37. A method of producing Interferon-.alpha. 2, comprising providing the cell of claim 28, and culturing the cell in vitro under conditions which permit the cell to express and secrete Interferon-.alpha. 2.

38. A method of producing Interferon-.alpha. 2, comprising providing the cell of claim 29, and culturing the cell in vitro under conditions which permit the cell to express and secrete Interferon-.alpha. 2.

39. A DNA construct that alters expression of an endogenous Interferon-.alpha.
2 gene in a mammalian cell upon integration into the genome of the cell via homologous recombination, the construct comprising (i) a targeting sequence containing at least 20 contiguous nucleotides of one or more of SEQ ID NOs:15,16,17, and 18, and (ii) a transcriptional regulatory sequence.

40. An isolated nucleic acid comprising at least 20 contiguous nucleotides of one or more of SEQ ID NOs:15 and 16, or the complement of one or more of SEQ ID
NOs:15 and 16, wherein the isolated nucleic acid does not encode full-length interferon-.alpha. 2.
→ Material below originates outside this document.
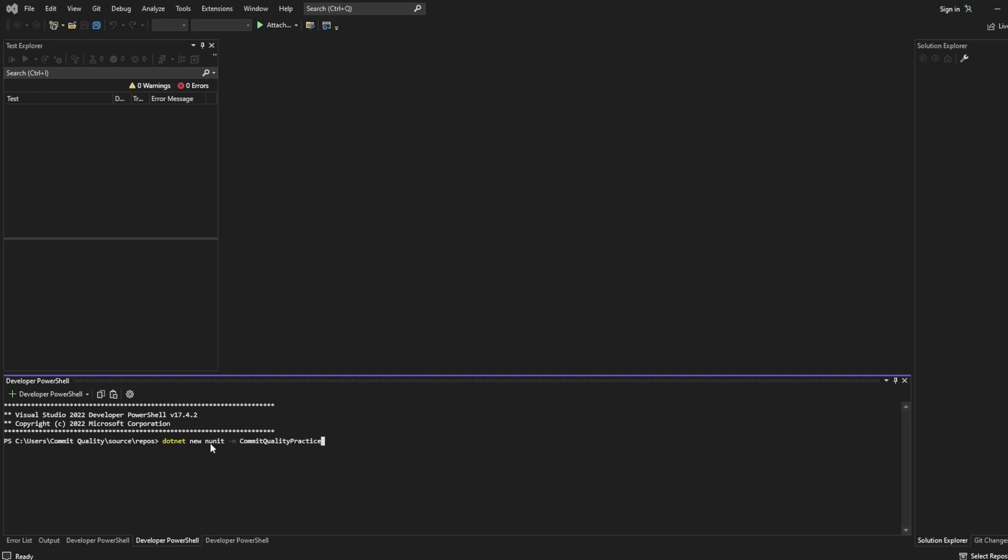The reason we use NUnit is because that's what Playwright recommends and suggests in their documentation. Now you can use other test runners like MS Test or whatever else you want but for my series I'm going to be sticking to NUnit.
41. A homologously recombinant mammalian cell stably transfected with the DNA construct of claim 39, the DNA. construct having undergone homologous recombination with genomic DNA upstream of the ATG initiation codon of an endogenous Interferon-.alpha. 2 coding sequence.

42. A method of altering expression of an endogenous Interferon-.alpha. 2 gene in a mammalian cell in vitro, the method comprising introducing the DNA construct of claim 39 into the cell and maintaining the cell under conditions which permit homologous recombination to occur between the construct and a target site 5' to the coding sequence of the endogenous Interferon-.alpha. 2 gene.

43. Use of the cell of claim 41 in the manufacture of a medicament for the delivery of Interferon-.alpha. 2 to an animal by implantation of the cell into the animal, wherein the cell secretes Interferon-.alpha. 2.

44. A method of producing Interferon-.alpha. 2, comprising providing the cell of claim 41, and culturing the cell in vitro under conditions which permit the cell to express and secrete Interferon-.alpha. 2.